The knock on the door seemed far away. It had felt like days since she had helped me stand up, handed me a soft, silky, wildly patterned moo-moo to pull over my head and poured me into a chair. She sat on the couch. I’d called my husband. He had just laughed; he didn’t sound irritated at all. I found my eyes darting from naked Elena on the wall to barely clothed Elena on the couch. Occasionally I would think about how close I was to getting down and dirty and having some lesbian sex. At first it was easy to chase the thoughts away. I wasn’t in to that. As I drank my tea I seemed to think of it more and more. I tried to stand up when he knocked on the door but my legs seemed otherwise engaged. I stared at them wondering what their problem was.
I heard them talking. They weren’t much more than ten feet away from me but they sounded like they were mumbling far away down a long hallway. I thought I heard her mention clearing my Aura. I heard him laugh a little and she laughed with him and I figured it was about me and my aura. They kept talking to me, much closer, as I began to levitate into the air.
“Put your legs down, Kimmie.”
“Oh.” I said back.
“I think your aura is one of the worst I’ve ever seen. There is loss there. Pain, sadness. You are carrying it all, aren’t you.”
“What color is having a stressful job.”
“Whatever color I choose. Don’t be silly. I’m crazy, but not Shirley McLane crazy. You don’t have a colorful glowing halo around your head. The colors are my interpretation of the scowl in your eyes, the crease in your forehead. Those are dark colors. Your hunched shoulders are sad and blue. Your preoccupation with my body – that is frustration – a dark red. Reading an Aura isn’t magic. It is body language, listening, perceiving. You have darkness but the darkness is hidden behind frustration, anger, pain. I can help you.”
“Oh Jesus, can she help you!” I said. “You HAVE to let her help you! Don’t worry Elena. His ass can take it. He likes it actually.”

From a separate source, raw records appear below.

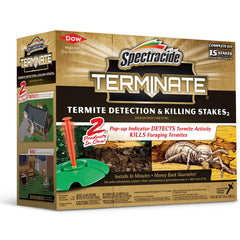 Spectracide front packaging showing 15-stake kit and easy installation benefit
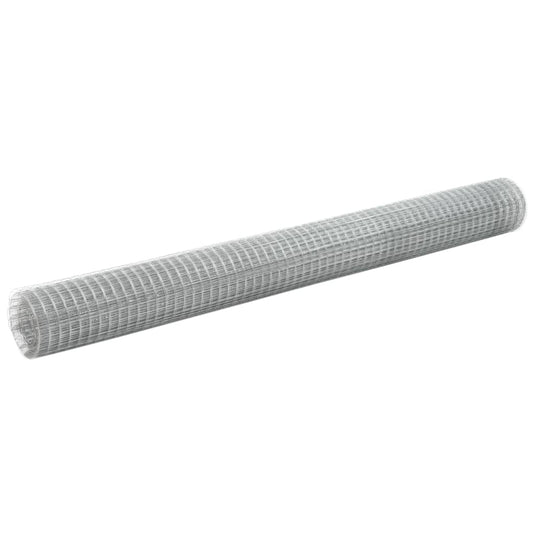 Vidaxl kippengaas 25x1,5 m gegalvaniseerd staal zilverkleurig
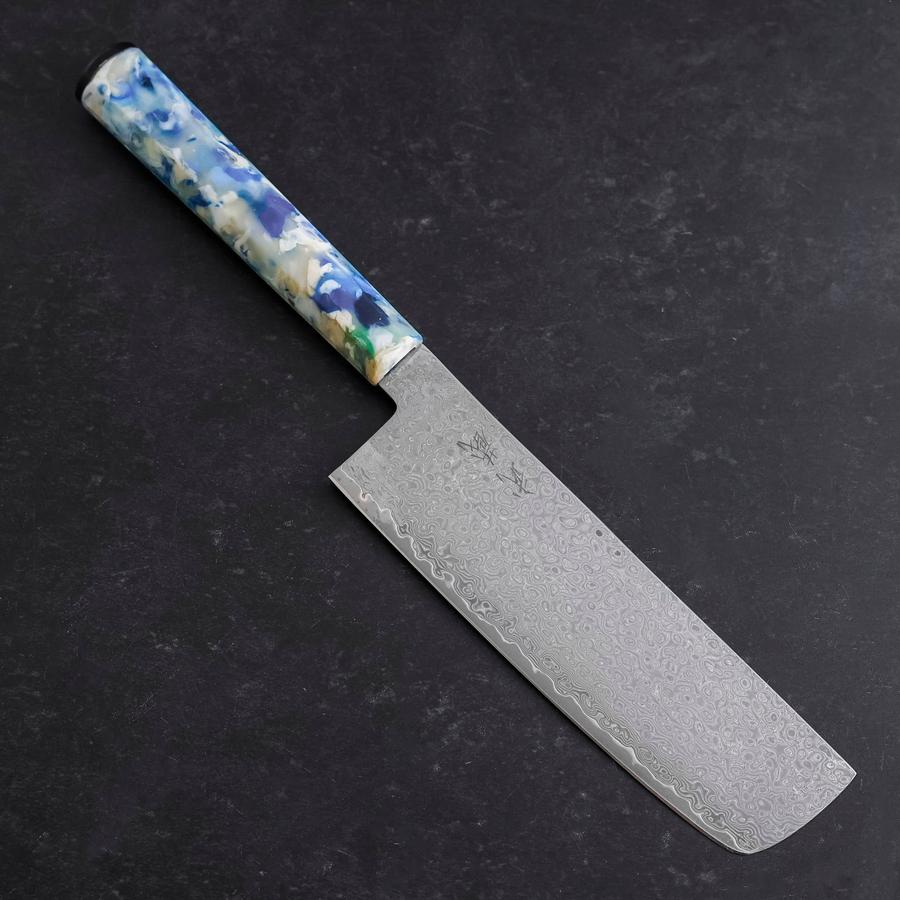 Nakiri VG-10 Damascus Ocean Blue-White Mix Handle 165mm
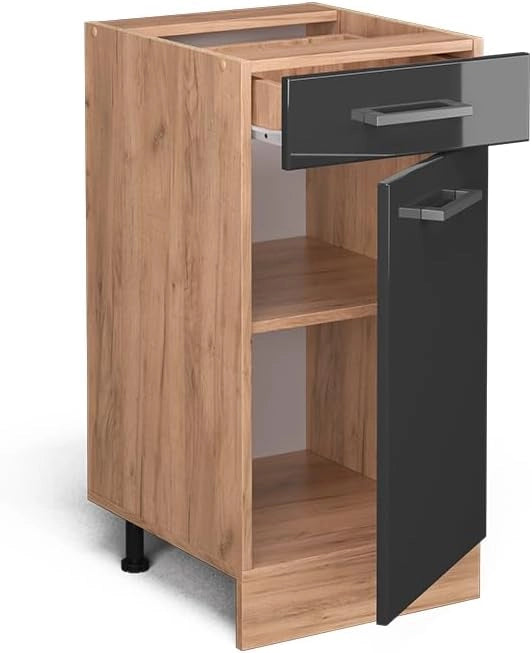 Mobiletto base per cucina R-Line, Antracite lucido, 40 cm senza piano di lavoro, per la libera combinazione all'interno di sistemi cucina modulari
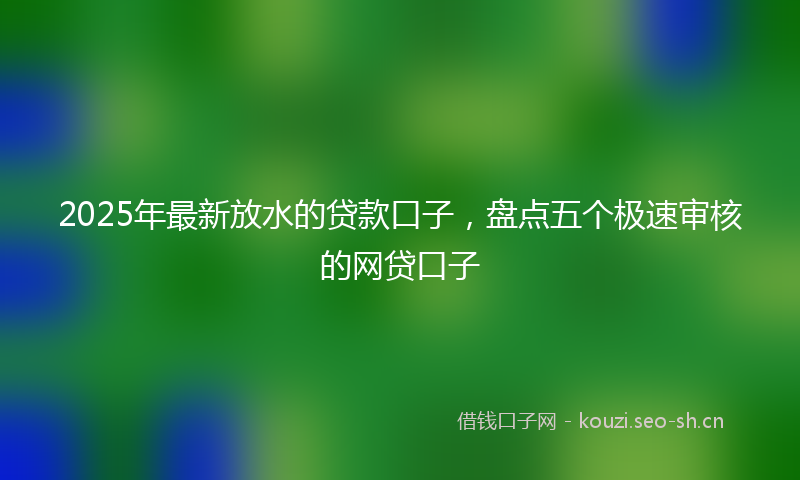 2025年最新放水的贷款口子，盘点五个极速审核的网贷口子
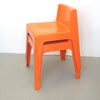 Paire de chaises en fibre de verre orange Kostka Années 70 Paire de chaises en fibre de verre orange Kostka Années 70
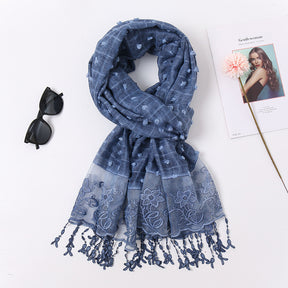 VS237 plain Splicing lace tie-dye fur ball hijab tassel scarf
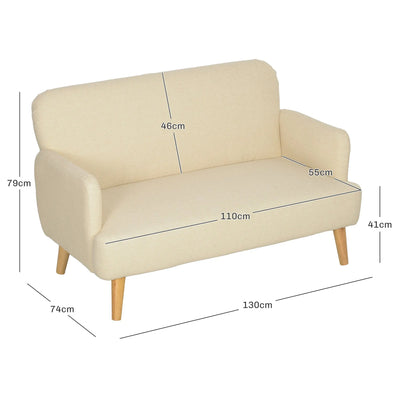 HOMCOM Velvet Feel Fabric 2 Seater Sofa, Small Sofa Loveseat with 21cm Thick Padding and Wood Legs, Cream White 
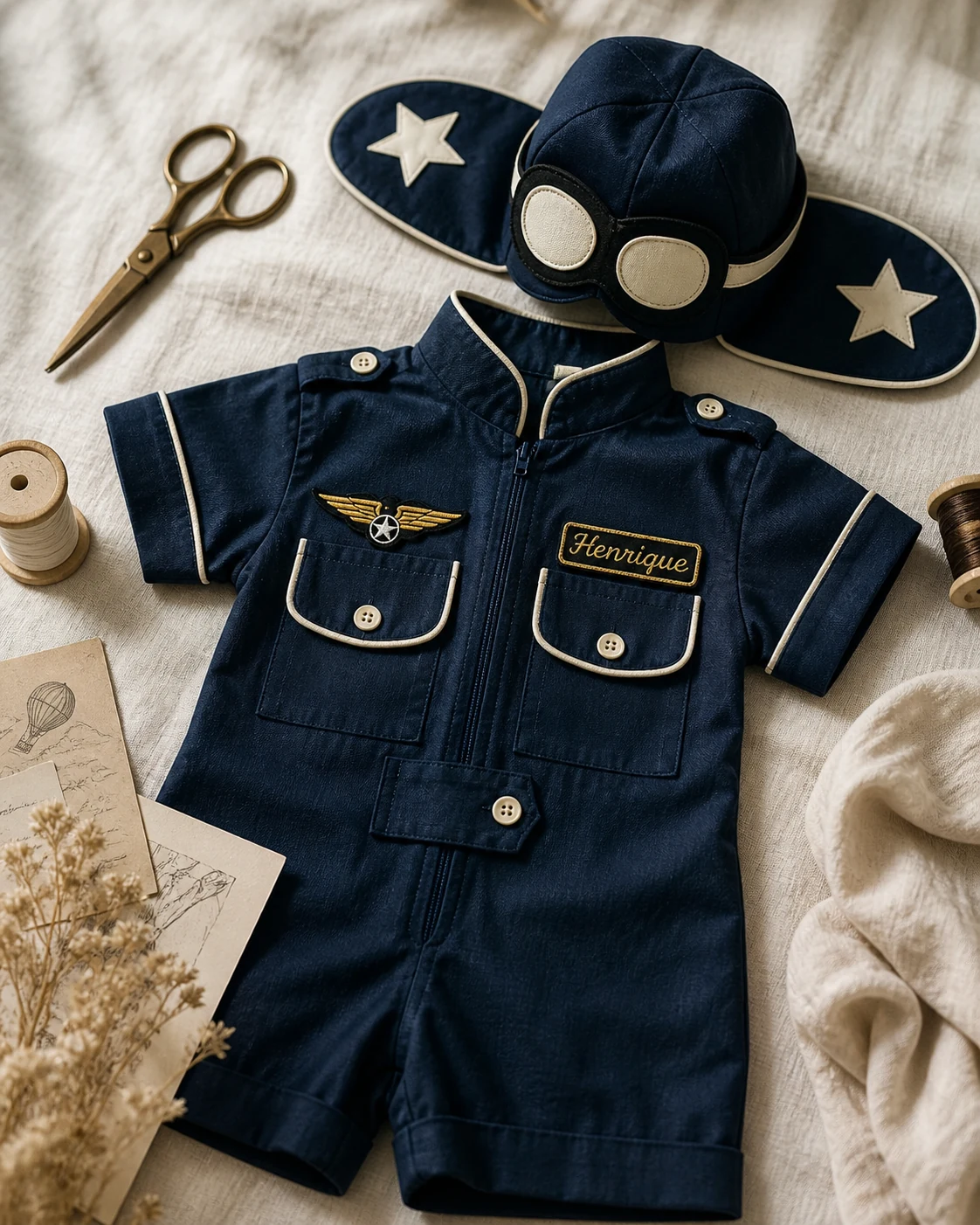 Macacão Aviador curto em navy esquadrão profundo · vivo creme marfim · touca aviador navy com lentes creme · asa cobre + nameplate bordado · setting cream linen com spools e tesoura cobre · flat-lay editorial Pinterest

“Mmm.. but it’s the Shasta-Vasta! That’s where she gets you! I don’t know though. I think I feel a little funny about you giving him a hand-job. I don’t know that I can complain now though, I mean, I got mine. It’s only fair. I can’t decide if I want to watch though. I mean, maybe if y’all were fucking. I probably would get off watching that, the massage thing though, that might bother me. I don’t know. Hey, Elena, don’t tell Ty or anything but for a while there at the end, I sorta thought we were going to have like, sex, but we didn’t. Did you not want to.”
“What kind of tea were you drinking?”
“Weed mostly. Sativa, Oregon. Mixed with some other things. I thought it would keep her awake, she was pretty wiped out earlier.”
“Am I Stoooned?!” I asked.
Once I was walking I walked just fine. It was a momentum thing. I remember sitting on at the light waiting to get onto the freeway. “If I pass out wake me up, okay. Or don’t. You can just do me. Make sure you do me though, okay. I feel too good not to get laid. I still can’t believe she didn’t fuck me. God, what is wrong with me.